Ah Prague! A city that grew wildly popular a decade ago because of its dramatic gothic skyline that bangs alongside an energised dance soundtrack. The city is chaotic. Until now, Sjane had only ever visited the Czech capital in the colder months, and likened it to a Winter Wonderland where the Summer version was more akin to a rave. A stroll down through the city centre in the morning saw you weaving your way through masses of tourists while small shops and street performers blared the latest trance and techno dance music onto the street. In a way, it was energising. But as all those physicists out there would be aware: what goes up, must come down. For me, it resulted in a siesta (read: nanna nap). For some of our fellow dorm-sharing roomies, the come-down was a little more pronounced.
It all started on the second of our 3 nights in Prague. We had chatted happily to our new friends (Abby and Scott) about the unspoken Code of Conduct of sharing a dorm. 95% of travellers realise that there are some boundaries to be aware of for harmonious coexistence with others. We laughed freely as we played with the wording of the 8 edicts: generally they followed the themes of a) don't walk around needlessly in your tighty whities, b) try not to wake everyone up during your late arrival or early departure, and c) assorted common sense approaches to not being a dick. The rest of our roomies at that time (let's call them the Three Amigos to minimise my use of profanity) walked in moments after we'd concluded the list of rules and promptly removed their clothes and ambled around aimlessly waiting for the shower. We laughed, wondering if it was just bad timing or they really were douchebags in disguise. We found out later that night that the latter was true, as they banged and chatted their way through the early hours to rouse us all from sleep and leave us all pretty tired and agitated.
The next night (our third and final) would be without the company of Abby and Scott, as they had left and been replaced by more douchebags. It seemed the Three Amigos had recruited likeminded w***s (one with the telltale "I went to Ibiza once and decided to adopt the haircut" warning sign). We both knew it was going to be a long night.
As expected, the w*** army rocked back into the dorm in three waves spanning the better part of 2 hours (from 2-4am), and ensured we all knew each had returned by turning the lights on, singing, hi-5's, throwing things around and generally being d*** . One brought a girl home with him (poor desperate thing she must've been) - another definite no-no in our new Code. Sjane was near breaking point by this stage, and eloquently told them to "Shut the f#*k up." It didn't really work; Ibiza tried a smart arse response and one of the original Amigos promptly started snoring. (Is there any greater irony? The snorer sleeps soundly, while everyone within earshot sits there brooding about how best to kill them). After another half hour of sniggers in the dark and emphatic assertion that "the snoring was the loudest thing they'd ever heard", I half hoped that the settling stillness might mean an hour or two of sleep before we hit the road for the day.

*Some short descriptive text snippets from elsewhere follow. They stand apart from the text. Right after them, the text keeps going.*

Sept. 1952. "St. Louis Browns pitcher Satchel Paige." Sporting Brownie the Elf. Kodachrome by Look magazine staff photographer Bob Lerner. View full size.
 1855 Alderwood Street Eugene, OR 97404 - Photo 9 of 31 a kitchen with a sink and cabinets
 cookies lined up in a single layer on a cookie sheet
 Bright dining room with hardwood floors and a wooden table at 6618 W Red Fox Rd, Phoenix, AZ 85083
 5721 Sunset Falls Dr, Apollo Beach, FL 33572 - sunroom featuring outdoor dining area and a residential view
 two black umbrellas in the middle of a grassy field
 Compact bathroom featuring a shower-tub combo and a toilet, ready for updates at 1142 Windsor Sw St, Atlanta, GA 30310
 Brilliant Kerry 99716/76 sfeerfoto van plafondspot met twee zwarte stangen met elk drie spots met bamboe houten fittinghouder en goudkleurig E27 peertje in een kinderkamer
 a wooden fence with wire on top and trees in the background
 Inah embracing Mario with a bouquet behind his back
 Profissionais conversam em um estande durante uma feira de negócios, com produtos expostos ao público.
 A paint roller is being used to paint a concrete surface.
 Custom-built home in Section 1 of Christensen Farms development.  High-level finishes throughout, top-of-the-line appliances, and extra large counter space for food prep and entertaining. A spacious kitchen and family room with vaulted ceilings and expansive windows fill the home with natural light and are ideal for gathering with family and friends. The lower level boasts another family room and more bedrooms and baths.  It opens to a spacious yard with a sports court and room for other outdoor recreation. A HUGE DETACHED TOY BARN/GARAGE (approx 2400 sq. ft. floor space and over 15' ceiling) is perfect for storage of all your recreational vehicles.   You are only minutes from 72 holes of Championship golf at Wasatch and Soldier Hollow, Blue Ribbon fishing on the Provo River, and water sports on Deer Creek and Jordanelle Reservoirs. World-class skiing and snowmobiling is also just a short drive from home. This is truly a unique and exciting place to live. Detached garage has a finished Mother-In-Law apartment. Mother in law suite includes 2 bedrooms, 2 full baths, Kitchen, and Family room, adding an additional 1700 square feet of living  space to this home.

Nope. Amigo #1 (hereafter known as 'Pisser') decided he needed to urinate. Instead of using the toilet, he opened the window near my head and attempted to piss out the opening. The result was Pisser standing in a massive pool of his own piss, being told off by one of his mates and sent out of the room by Sjane. At this point we decided to give up, and headed off to find a coffee. Pisser was still standing outside the door hoping to be let back in when we left - he hadn't taken his key to get back in... yet another Code of Conduct no-no. Not his worst infringement of the night though in my opinion.
Later that morning I tried my best to see the funny side of it and encourage Sjane to do the same. Hence the title 'Pissed'... He was pissed, so he pissed, now you're pissed... etc. etc. I'm sure she'll see the funny side of it one day. Just not yet. One day she'll turn to me and say "Remember that night we got no sleep and then Pisser went and sprayed all over the floor near your head?!"... And we'll remember fondly the adventures of sharing a dorm room. Just not yet. We need some sleep first.
P.S. Next stop is Salzburg. We've invested in a private room.